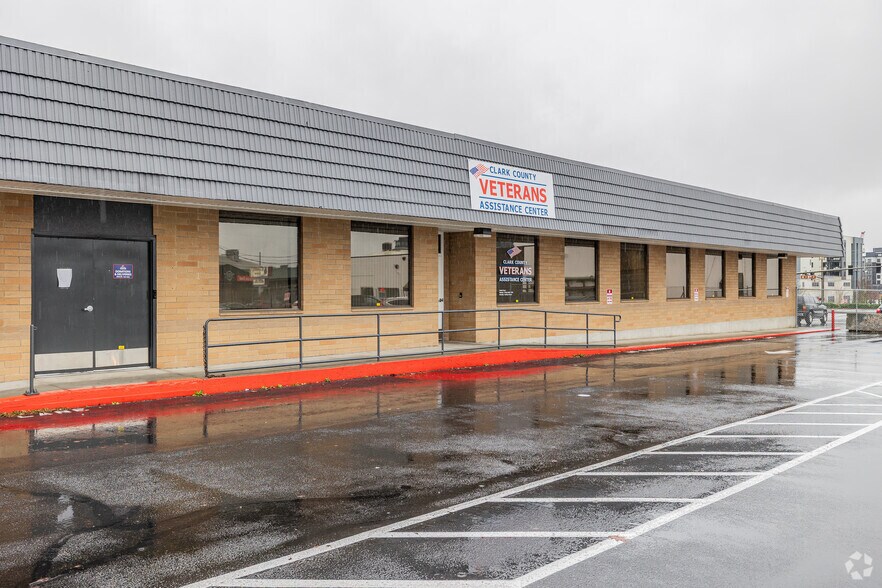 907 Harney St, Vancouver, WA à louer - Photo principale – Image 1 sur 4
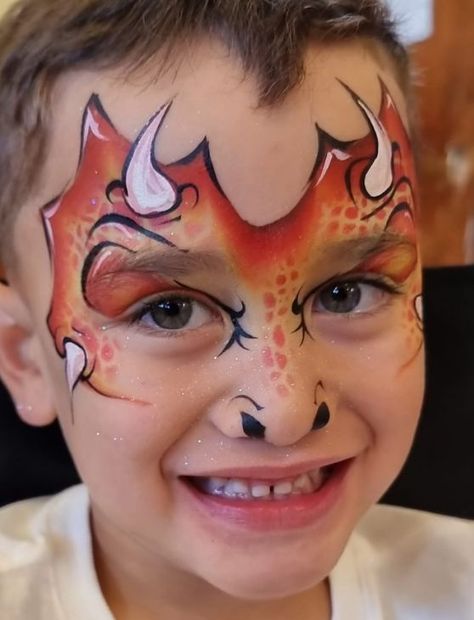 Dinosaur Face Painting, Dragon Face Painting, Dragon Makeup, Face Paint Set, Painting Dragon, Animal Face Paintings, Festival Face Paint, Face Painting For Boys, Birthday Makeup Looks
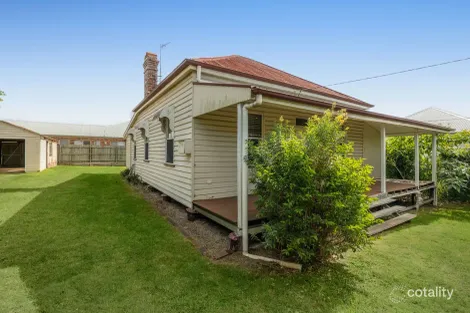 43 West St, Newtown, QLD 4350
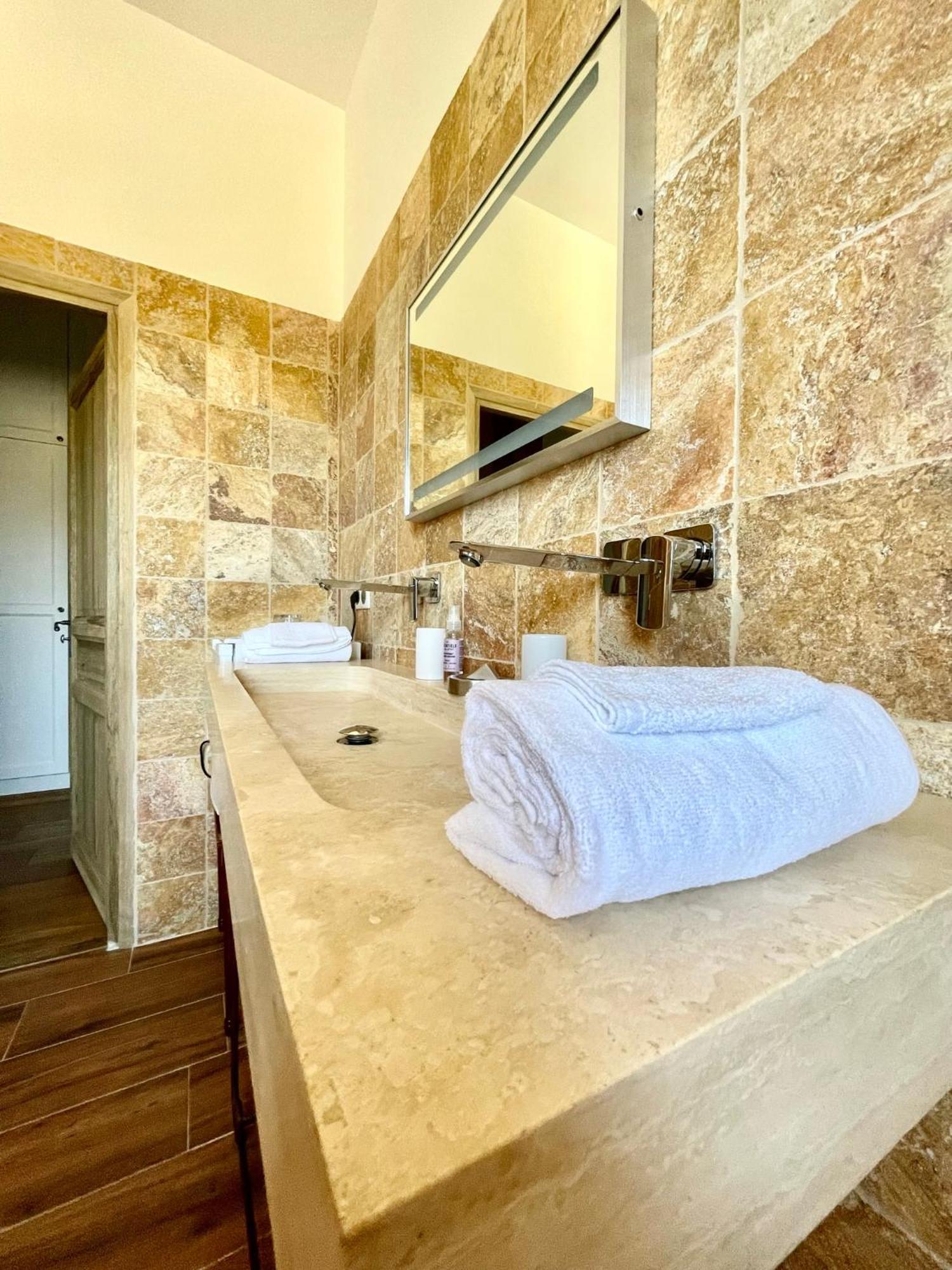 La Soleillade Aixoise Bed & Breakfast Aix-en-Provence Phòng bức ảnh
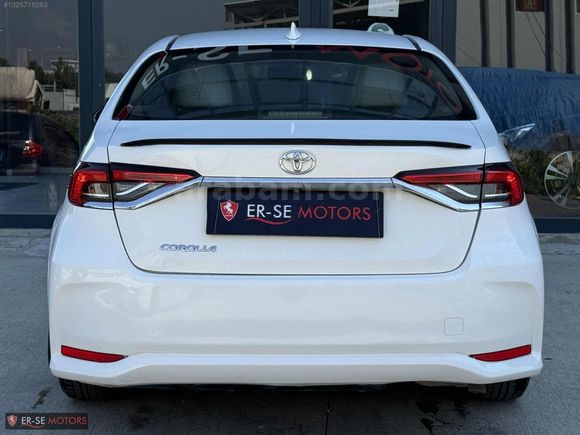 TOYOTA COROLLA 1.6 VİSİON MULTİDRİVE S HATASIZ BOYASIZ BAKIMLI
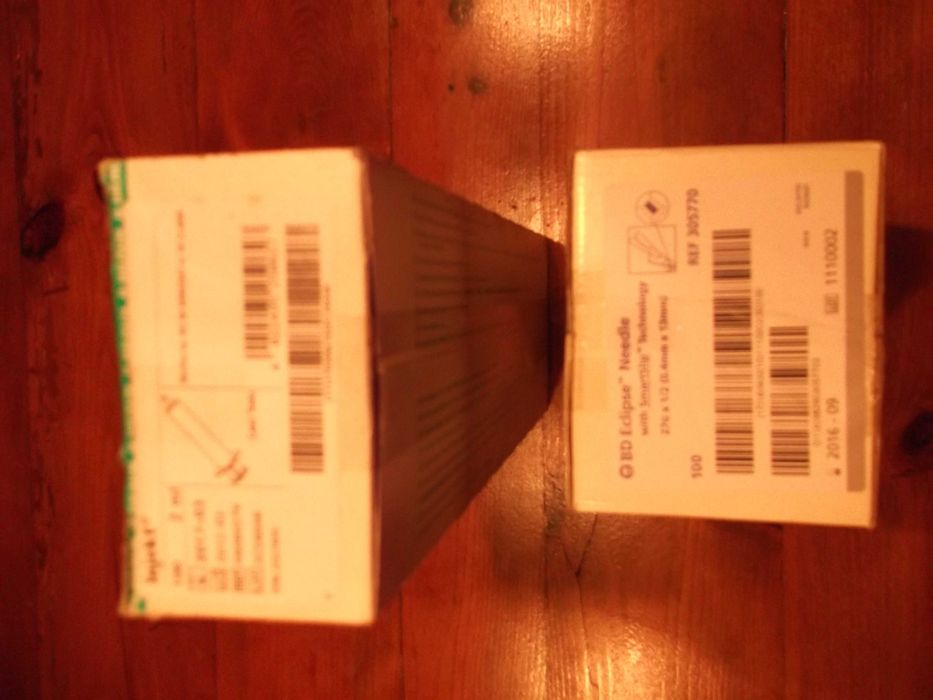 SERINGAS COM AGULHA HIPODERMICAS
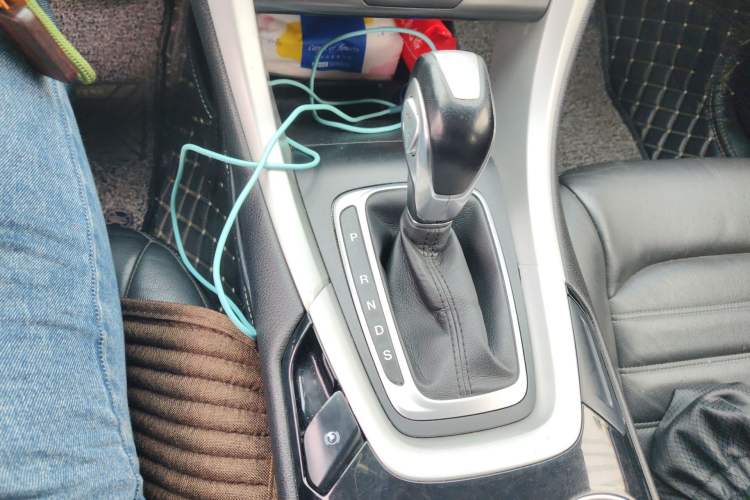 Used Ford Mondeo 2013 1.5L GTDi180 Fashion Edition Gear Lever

* * * *

Transcribe each entry above exactly, apart from the pictures.

* **RESPONSE BOX**
 907 Harney St, Vancouver, WA à louer - Photo principale – Image 1 sur 4
 Dinosaur Face Painting, Dragon Face Painting, Dragon Makeup, Face Paint Set, Painting Dragon, Animal Face Paintings, Festival Face Paint, Face Painting For Boys, Birthday Makeup Looks
 43 West St, Newtown, QLD 4350
 La Soleillade Aixoise Bed & Breakfast Aix-en-Provence Phòng bức ảnh
 TOYOTA COROLLA 1.6 VİSİON MULTİDRİVE S HATASIZ BOYASIZ BAKIMLI
 SERINGAS COM AGULHA HIPODERMICAS
 Used Ford Mondeo 2013 1.5L GTDi180 Fashion Edition Gear Lever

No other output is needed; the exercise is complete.